Determining the transaction price can become complex where a contract includes any of the following: variable consideration, a significant financing component, non-cash consideration, consideration payable to a customer. In terms of variable remuneration (e.g. rebates from payment organizations), the Group estimates the amount of remuneration to which it will be entitled in exchange for the transfer of promised services.

Step 4: Allocating the transaction price to the preformance obligations

The transaction price is allocated to each separate performance obligation, or distinct good or service, so that revenue is recorded at an amount that depicts the amount of consideration that the Group expects to be entitled to in exchange for transferring the promised goods or services. The transaction price is allocated to each performance obligation based on the relative fair value model.

Step 5: Recognition of revenue when (or as) the Group satisfies a performance obligation

The Group recognises revenue when (or as) it satisfies a performing obligation by transferring a promised good or service to a customer (which is when the customer obtains control of that good or service). The Group recognizes immediately the fees not related directly to origination of loans and advances. Fees for services delivered over the period longer than 3 months are recognised by the Group over time. As the fee and commission income, the Group treats also fees and commissions recognised over time on a straight line basis, related to loans and advances with not established timing of cash flows, for which effective interest rate is not possible to be determined. Straight line method for those services presents fairly the timing of transfer of services, because they are delivered evenly over time.

Accounting principles related to recognition of fee income from sale of assurance products bundled with loans and advances are described in a separate Note 2.5.

Fees charged for the granting of loans which are likely to be drawn down are deferred (together with the related direct costs) and included in the calculation of the effective interest rate charge on the loan.
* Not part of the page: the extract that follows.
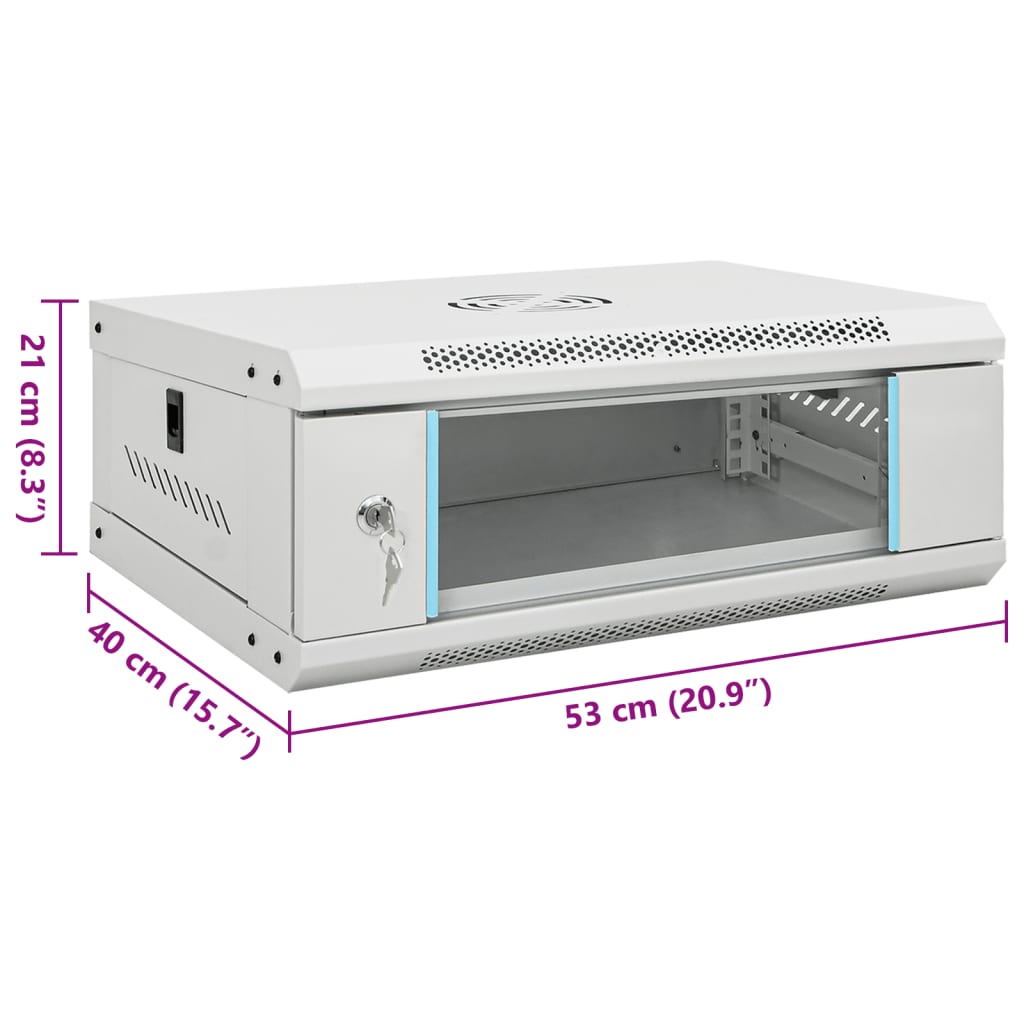 vidaXL 4U Wand-Netzwerkschrank 19" IP20 53x40x21 cm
Fees on account of syndicated loans are recognised as income at the time of closing of the process of organisation of the respective syndicate, if the Group has not retained any part of the credit risk on its own account or has retained a part of the risk of a similar level as other participants. Commissions and fees on account of negotiation or participation in the negotiation of a transaction on behalf of a third party, such as the acquisition of shares or other securities, or the acquisition or disposal of an enterprise, are recognised at the time of realisation of the transaction. Portfolio management fees and other fees for management, advisory and other services are recognized on the basis of service contracts, usually in proportion to the passage of time.The same principle is applied in the case of management of client assets, financial planning and custody services, which are continuously provided over an extended period of time.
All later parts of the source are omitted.